## Data shown:

== Segment start ==

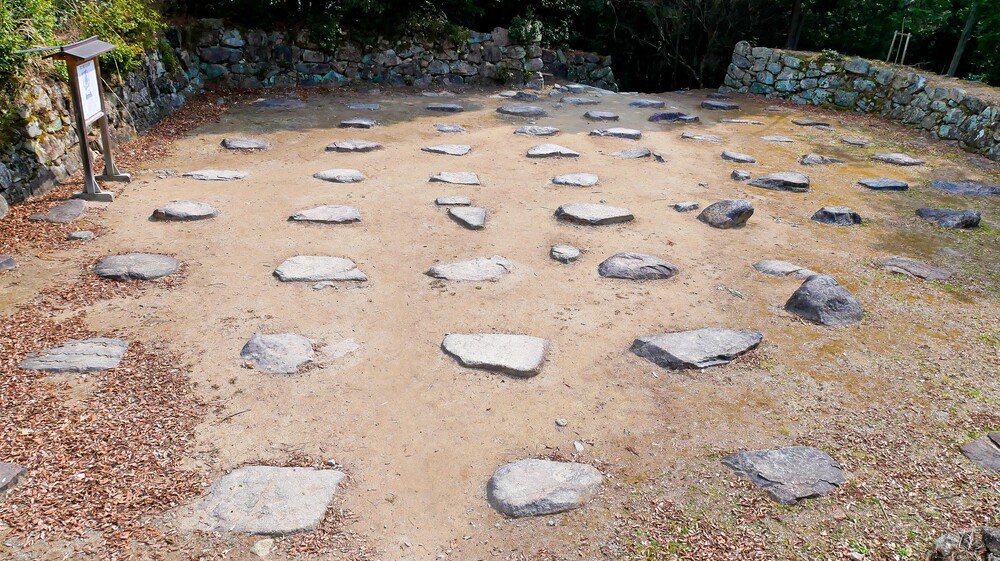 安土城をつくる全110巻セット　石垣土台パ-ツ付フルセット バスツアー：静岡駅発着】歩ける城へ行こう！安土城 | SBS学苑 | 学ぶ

== Segment end ==
== Segment start ==

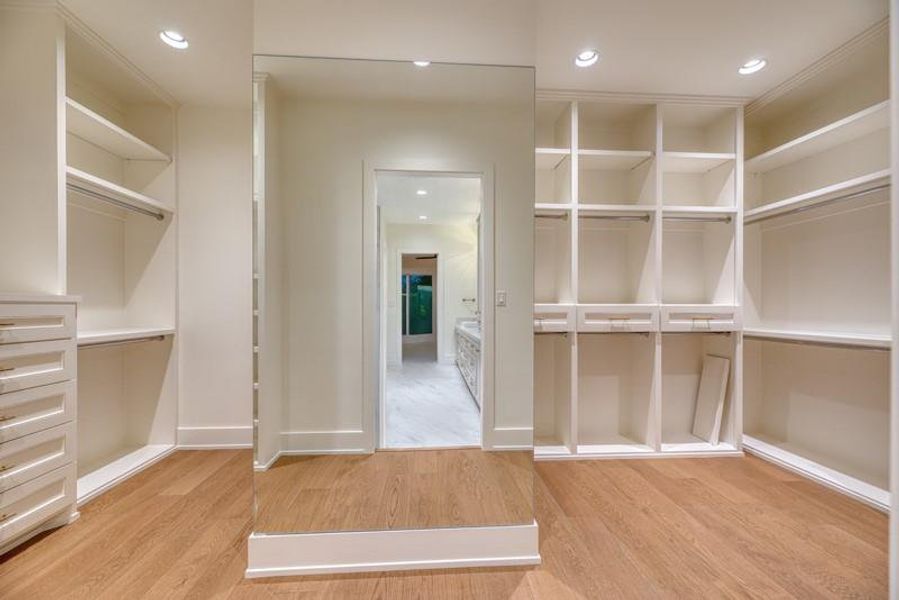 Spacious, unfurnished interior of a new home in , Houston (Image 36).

== Segment end ==
== Segment start ==

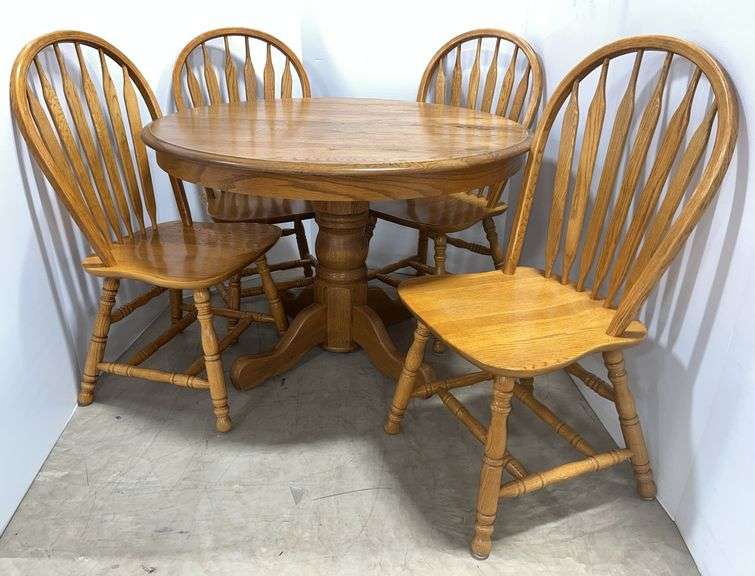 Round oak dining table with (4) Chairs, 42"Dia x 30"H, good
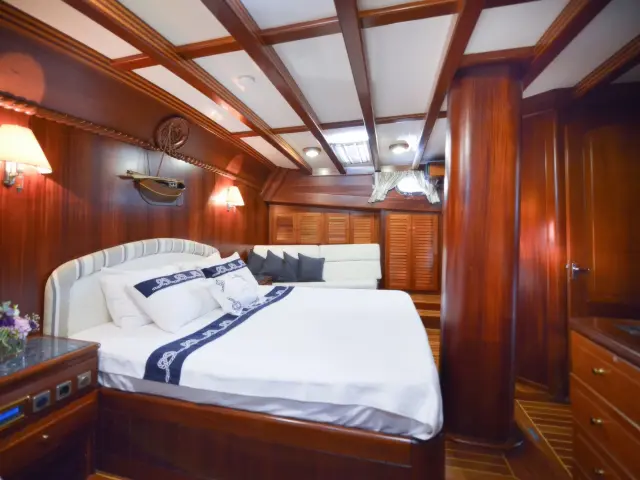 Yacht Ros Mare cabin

== Segment end ==

## About this task:
With the pictures omitted, restate word for word the lines above from the line that has "Round oak dining" up to and including the line that has "Yacht Ros Mare cabin", and no other lines.

## Result below:
 Round oak dining table with (4) Chairs, 42"Dia x 30"H, good
 Yacht Ros Mare cabin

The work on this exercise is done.